Bound Home

Chapter 5


Orioles call for a thousand li, green's reflected in the river;
Waterside village; hillside rampart; wine; a banner in the wind.
In the time of the southern dynasties, there were four hundred and eighty temples;
How many pavilions there are now in the mist and rain.

-Du Mu, Spring South of the River


The sea is dangerous in the winter, the men at the docks all say as they watch ships come in with the high tide. One man tells him he speaks English – and he does, in a heavy, rolling accent. He asks Guy where he comes from.

Nowhere, he thinks. The word sits on his tongue, right and natural.

"England," he answers instead.

The stranger stares at him with gold-dark eyes. "Wait," he says after a moment, and hurries away into the crowd of crates and gulls. Guy watches him disappear into a whitewashed building, and then turns back to look out over the sea, only faintly curious as to what the man is up to. He came here in an effort to decide if he wants to go back to his own country. Robin bid him farewell with the promise that Guy would always have a place among his men. Archer simply said, Do what you must, and don't come back until you have finished.

How will he ever be finished? His purpose in coming here is a mystery. England is no longer the deep scar in his chest; Acre holds nothing for him but painful memories and the false comfort of Marian's bones. It makes sense to go back home.

But he finds he is content to lean against the wall and stare at the stone-blue sea.

"My friend!"

The stranger has returned. He has a kettle and two cups, and he sets them down on a nearby crate. As he pours, steam redolent with jasmine billows into Guy's face. Surprised at the generosity, he nods his thanks and takes a sip of the tea. Its heat is welcome on this cold, gray afternoon.

The stranger takes a sip as well, and briefly closes his eyes in appreciation. "Now," he says. "Why have you come to Acre?"

Guy stares into his cup and ponders. There are many answers, but only one truth. "A mistake," he replies. He lifts his gaze to the stranger's and says as kindly as he can, "I'd rather not talk about it."

"Ah," he nods back. "Yes."

They drink. The stranger turns his dark eyes to the sea. "In this season, strong winds can come suddenly - a terrible storm from a clear sky, even. I have seen it. Very dangerous. But these men...life must go on, I think? It does not stop for dangerous weather."

Guy studies the man standing next to him. He does not appear to belong to the peasant class, and he also does not appear to be overseeing any of the workers. He seems uninterested in the ships themselves. "What brings you to the port?"

"Ah," he says. "To remember. Or, to forget."

The skies are darkening. The shipmen hesitate in their work as they cast wary looks at the clouds. Guy inhales the tea's fragrance and lets the hot liquid pool in his mouth. "Every man has his mistakes," the stranger says. "Every man has something to forget."


The thought comes to her just as she is falling asleep. She sits up, startled – how could she have neglected to let them know? His brother; Robin; Allan.

She stubs her foot in the darkness, a penalty for hurrying and not giving her eyes time to adjust to the moonlight that spreads, like a spider's new web, from the window to the floor. She lights a candle, sits at her desk, brushes aside the pile of physicians' scrolls and books, and lays down a clean sheet of parchment.

Her quill tap-taps against the inkwell, then hovers above the desk.
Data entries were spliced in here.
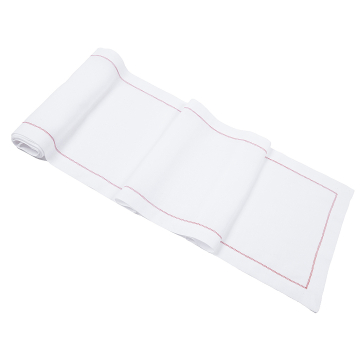 White Linen Table Runner with Red Contrast Hemstitch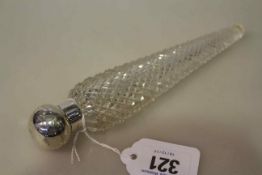 Victorian silver topped cut-glass scent flask, Birmingham 1898,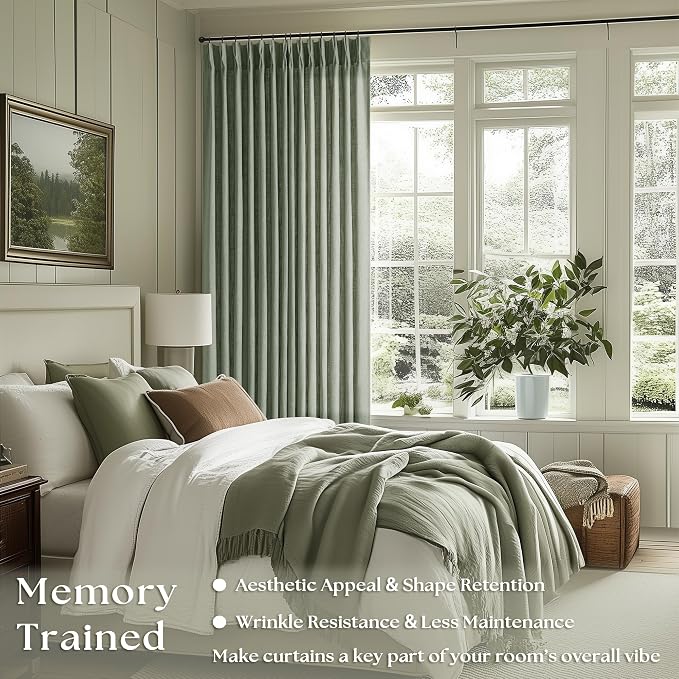 Sage Green Pinch Pleated Linen Semi Sheer Curtains 45 Inch Length 2 Panels | - Image 2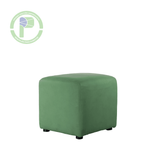 Puff cuadrado verde cuero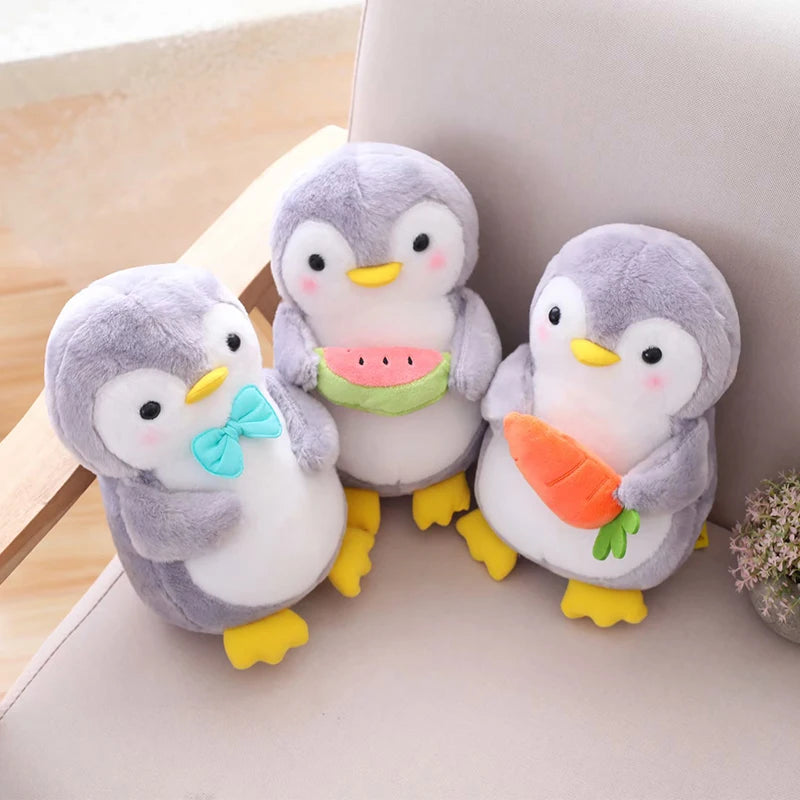 25/45cm Cute Cartoon Holding Fruit Penguin Soft Stuffed Toy Plush Animals Appease Baby Doll Girls Kids Lovers Birthday Gift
She is uncertain how to begin, or even to whom she should be writing. She does not know where her husband's brother lives now. All she can recall is the healer, Matilda, who is learned enough to read and who would be capable of forwarding the message to Robin, who then, perhaps knowing where Will's brother lives, would be able to send it on to him.

She writes a brief note to Matilda, asking that she deliver her message to Robin Hood or one of his men, and then pulls out another sheet of parchment.

January 4 1196

Robin, John, Much, Allan.

Friends, I do not know how you are faring, but I pray for you often and hope this letter finds you all well. I write to tell you that Will Scarlet took ill late last summer.
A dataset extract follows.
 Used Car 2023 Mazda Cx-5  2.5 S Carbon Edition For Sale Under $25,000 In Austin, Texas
The scritch-scratch of her quill ceases. She stares at the black ink and at all the empty page below it.

She scrawls a short phrase about how her husband's fever was swift; how he suffered but a little. His grave is near Marian's, she adds, and again she lifts the nib off of the parchment and leans back to stare at her words, thinking they have come from someone else, a stranger.

Her hand has started to shake. There are too many things she wants to write to them, because they are the only ones who will understand what perfection the world has lost – no one wanted to know him, no one cared about his bravery and his goodness, they only cared about his skin and hers - and now she is overcome with a million words, and it is too much. It is too much.

The letter must wait. She lets the tears overwhelm her, and though she eventually puts away her writing tools and blows out the candle, she does not stir from her chair until dawn.